I haven’t seen that many happy Germans rubbing elbows since the dinner party held at the end of The Wannsee Conference.
I was going to make a wry comment about them being happy about finally finding a solution to one of their problems, but decided it would be in poor taste.
Are you new here?
We caught the end of that game, really fun game.

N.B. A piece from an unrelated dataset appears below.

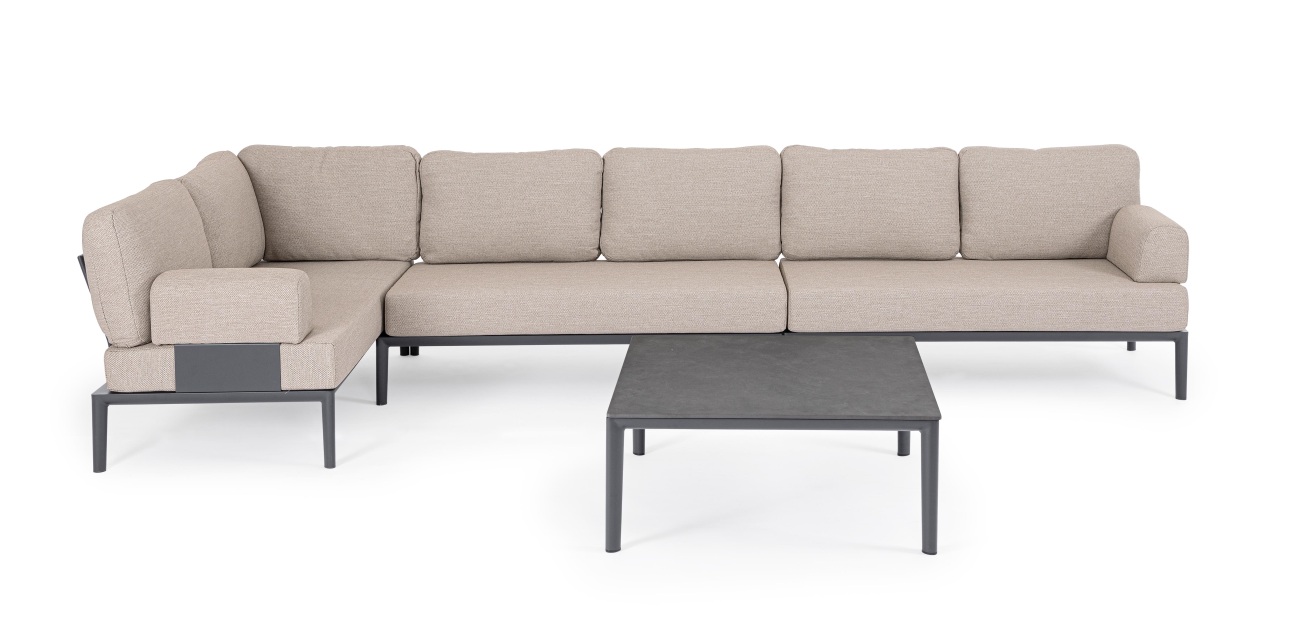 Gartencouchtisch Gerald aus Aluminium 90x90 cm, Anthrazit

I am so hungover. Ending it seems like a great idea.
Mainz! That was a hell of a run.
Koln/Mainz is crazy entertaining. Up and down the field non-stop.
Damn, I have GOT to get those pasta attachments.
…just kidding! I’m a sourdough man now.
That herb garden is looking good! If the parsley ever produces seeds please save some for me.
My wife’s parsley is producing seeds if you would like me to send you some (not a dick joke).
Me: “Hi, I’m scotchnaut and I have a Sunday Morning Food Porn addiction.”
Audience: “Hi scotchnaut.”
Me: “It all started back in…”
[fade out]
Sunday Gravy > church
*>>>>>>>>>>>>>>>>>>>>>>>>>>>>>>>>>>>>>>>>>>>>>>>>>>>>>>>>>>>>>>>>>>>>>>>>>>>>>>>>>>>>>>>>>>>>>>>>>>>>>>>>>>>>>>>>>>>>>>>>>>>>>>>>>>>>>>>>>>>>>>>>>>>>>>>>>>>>>>>>>>>>>>>>>>>>>>>>>>>>>>>>>>>>>>>>>>>>>>>>>>>>>>>>>>>>>>>>>>>>>>>>>>>>>>>>>>>>>>>>>>>>>>>>>>>>>>>>>>>>>>>>>>>>>>>>>>>>>>>>>>>>>>>>>>>>>>>>>>>>>>>>>>>>>>>>>>>>>>>>>>>>>>>>>>>>>>>>>>>>>>>>>>>>>>>>>>>>>>>>>>>>>>>>>>>>>>>>>>>>>>>>>>>>>>>>>>>>>>, etc., etc.